• YOUR TASK: Your task is to restate word for word the lines in the material below, from the one with "Axolotl Beautiful Pop Art Axolotl Button" up to and including the one with "Newport Beach Rebel". Do not carry over the pictures.

• LISTED RECORDS:
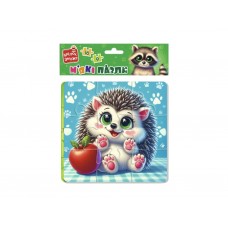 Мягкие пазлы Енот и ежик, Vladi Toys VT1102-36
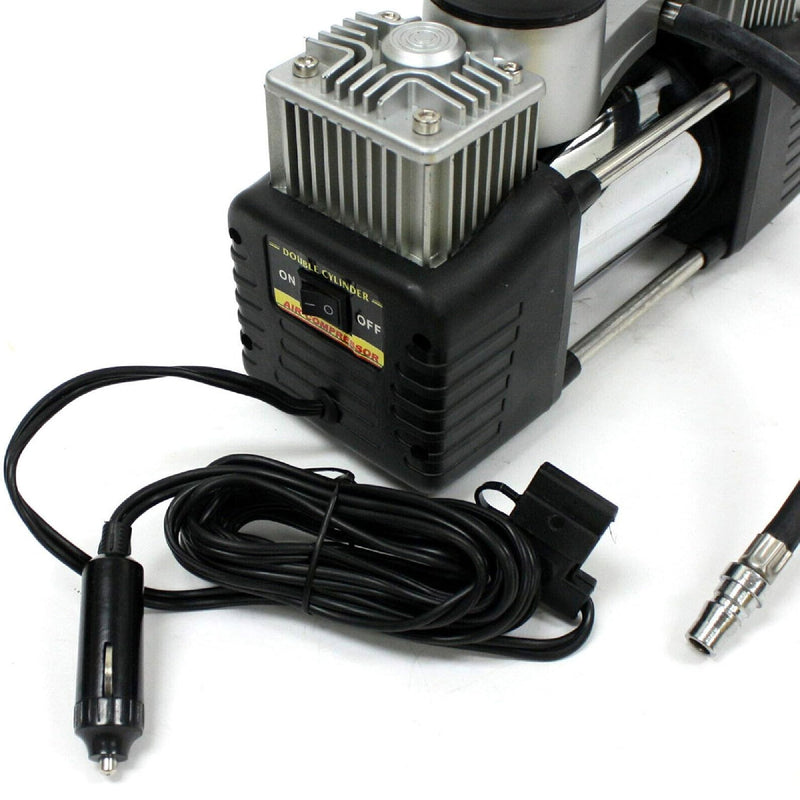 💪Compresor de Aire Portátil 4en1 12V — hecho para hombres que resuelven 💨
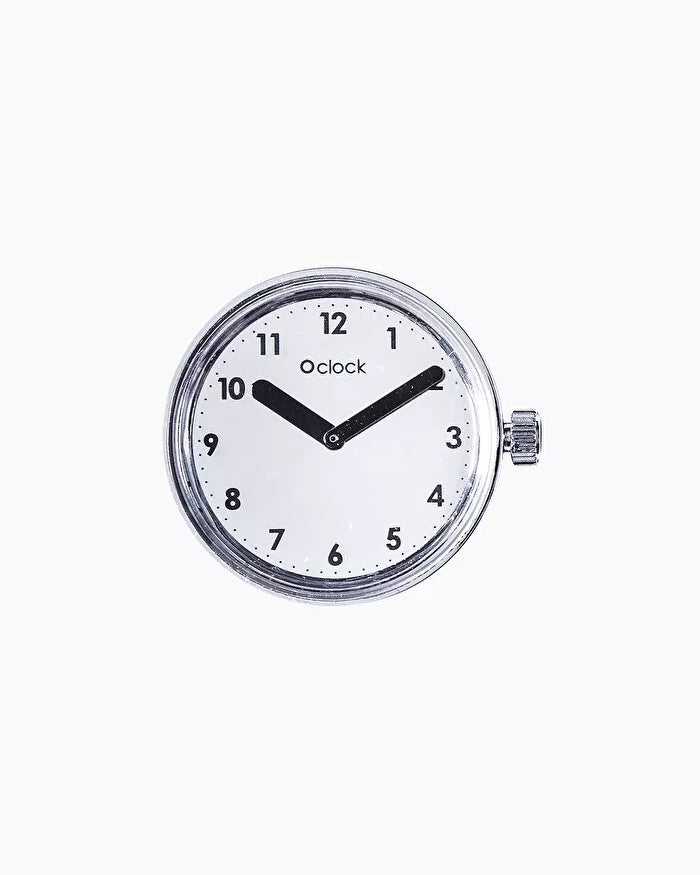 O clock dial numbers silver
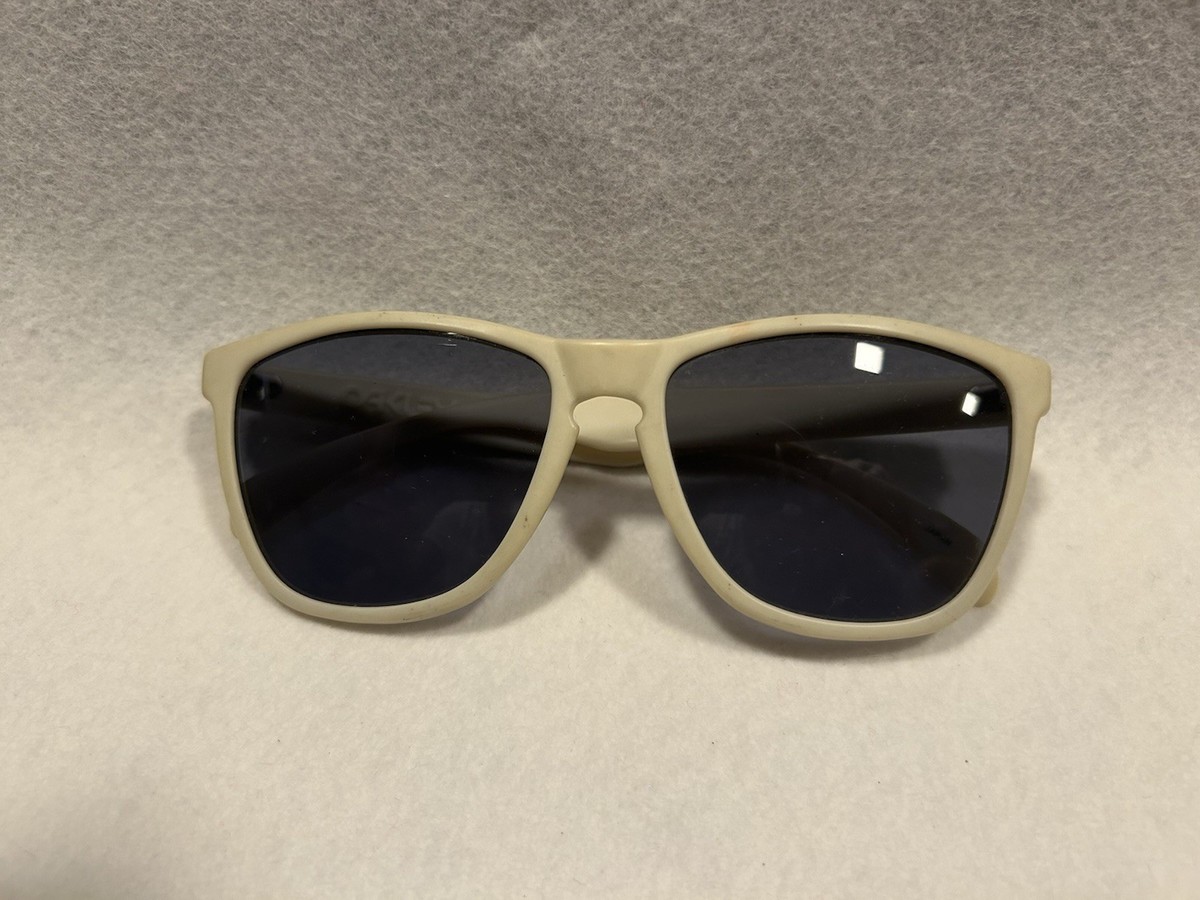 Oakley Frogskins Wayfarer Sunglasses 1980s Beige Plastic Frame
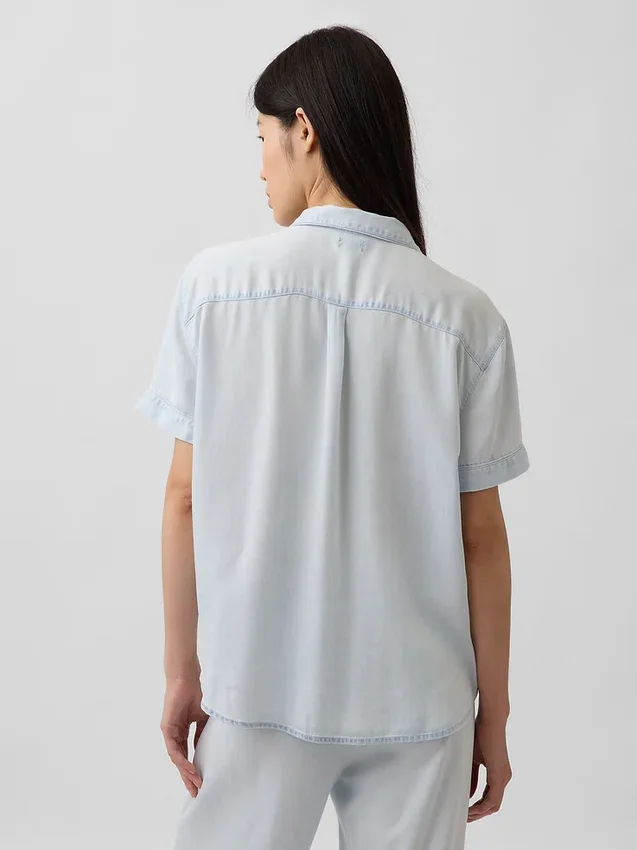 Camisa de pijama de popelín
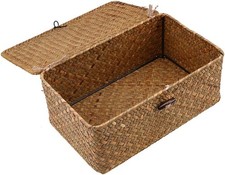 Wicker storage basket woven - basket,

--

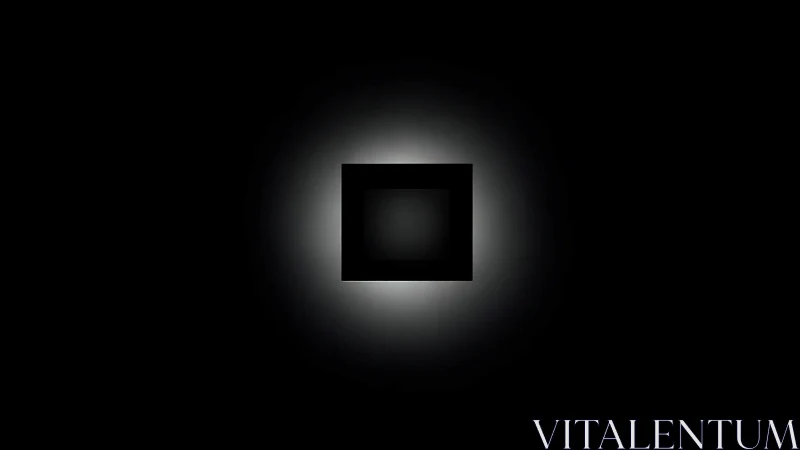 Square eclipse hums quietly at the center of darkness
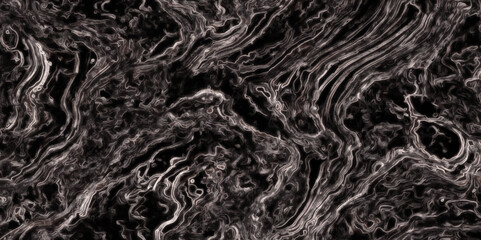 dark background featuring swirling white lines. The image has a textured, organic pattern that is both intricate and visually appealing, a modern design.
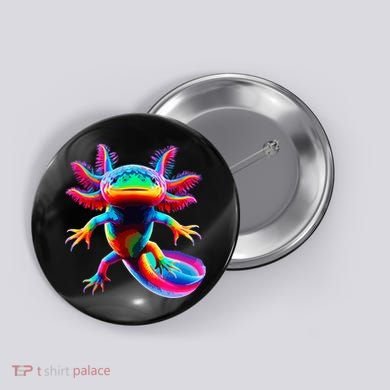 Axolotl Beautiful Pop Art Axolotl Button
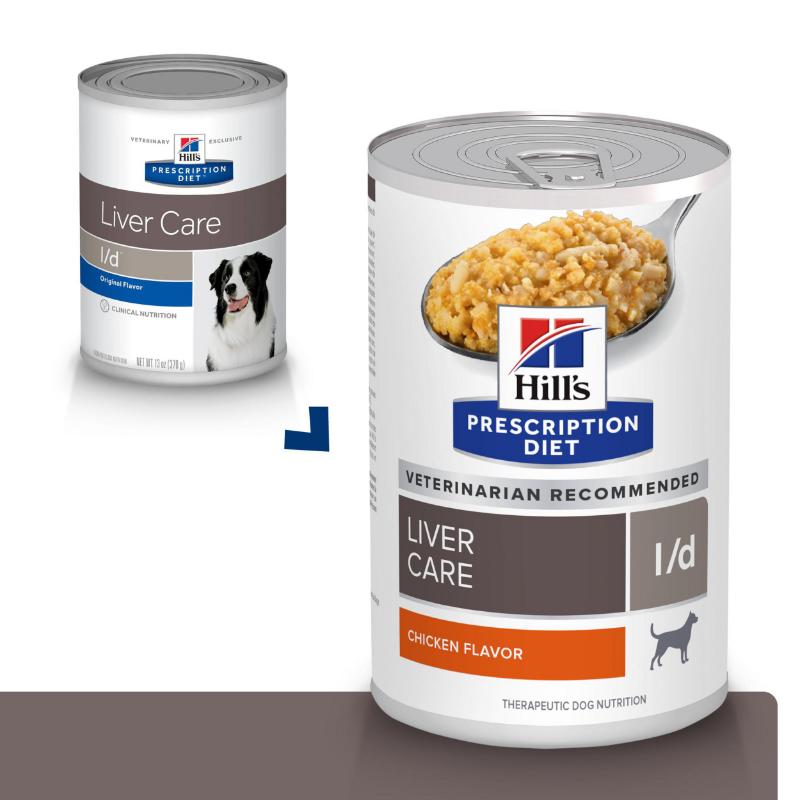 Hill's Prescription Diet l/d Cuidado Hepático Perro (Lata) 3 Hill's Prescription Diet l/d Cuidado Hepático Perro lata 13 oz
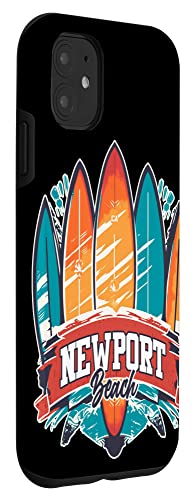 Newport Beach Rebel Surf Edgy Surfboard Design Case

--

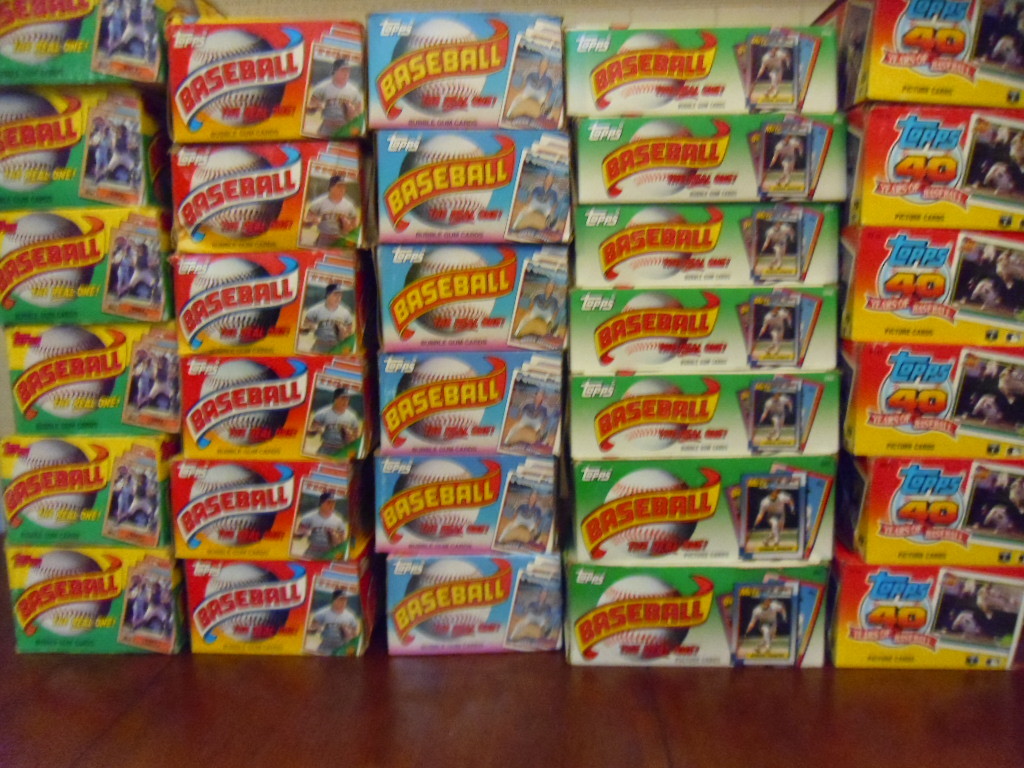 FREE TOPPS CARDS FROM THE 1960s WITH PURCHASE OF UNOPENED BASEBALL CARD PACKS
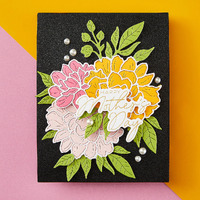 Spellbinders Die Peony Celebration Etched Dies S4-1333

• REPLY TO THE EXERCISE:
 Axolotl Beautiful Pop Art Axolotl Button
 Hill's Prescription Diet l/d Cuidado Hepático Perro (Lata) 3 Hill's Prescription Diet l/d Cuidado Hepático Perro lata 13 oz
 Newport Beach Rebel Surf Edgy Surfboard Design Case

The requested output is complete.